Игнатыч искоса глянул на Фильку. И Филипп понял, зря, зря стал поправлять воду. Все видел пузатый черт, видел, что вода в порядке.
— Ну и черт с ним, — сказал Филипп и нахмурился.
Он работал старательно и споро, как всегда, вот уже скоро час, как работал, не глядя по сторонам. Федьки не было.
Филипп прождал еще десять минут и не мог больше. Он остановил станок, взял в руку резец и пошел — законно пошел к инструментальной. Он задержался и спросил первого мальчишку.
Но не стал слушать: мальчишка врал. Врал, чтобы покрыть Федьку.
«Засыпался, арестовали? — думал Филипп. — Или через стенку махнул под утро домой? Так пришел бы хоть без номера… Загнали его, что ли, куда-нибудь?»
Филипп обменял резец, спросил в окошко инструментальной. Конечно, не видали. По дороге к станку спросил двоих — да кому какое дело до Федьки, черт его знает, может, и был.
Игнатыч делал второй круг по мастерской. И на ходу крикнул Филиппу:
— Нет?
Филипп помотал головой.
«Знает, черт пузатый, знает, наверно. Была, видать, ночью склока тут, с этим делом… Так почему ж тогда не сорвали листовку?»
Мастерская работала плотней, чем всегда, все молча, как приклеенные, стояли у своей работы, как притаились, как ждали.
И вдруг писк, тонкий писк прорезал рокот станков. Все дернулись, метнулся на местах весь народ. И отбойной волной покатил хохот.
Игнатыч за ухо вел Федьку. Федька визжал и болтался, свернув голову набок.
Игнатыч мерной походкой шел с Федькиным ухом в руке к Филиппу.
— Под листом под котельным дрых, сукин сын. По углам, прохвост, прятаться! Прятаться! — встряхивал Игнатыч Федьку. — Прятаться!
В это время гул, рев морской, тревогой ударил за окнами. Игнатыч подался вперед, все еще не пуская Федькиного уха. Он раздул лицо и слушал. Несколько человек бросились и открыли форточку в замерзшем окне, хлопнула на блоке калитка, раз и два. Люди переглядывались. Озирались.
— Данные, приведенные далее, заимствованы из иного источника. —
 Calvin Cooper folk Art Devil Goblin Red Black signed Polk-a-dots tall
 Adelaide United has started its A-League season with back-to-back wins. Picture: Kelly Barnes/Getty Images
Останавливали станки, и только шлепали холостые ремни.
И вдруг сразу все глянули на калитку, и оттуда уличные, громкие голоса крикнули:
— Выходи! Выходи! Все выходи! Станови! Шабашьте! Выходи все! Люди кричали, и голоса били, стукали:
— Все, все во двор!
За стеной шум надувался гуще, гуще, плескали под окнами отдельные голоса. Кто-то пронзительно, заливчато свистнул в пальцы под самой форточкой, и жуть махнула по мастерской.
— Пошли, что ли? А? — сказал кто-то громко, на всю мастерскую.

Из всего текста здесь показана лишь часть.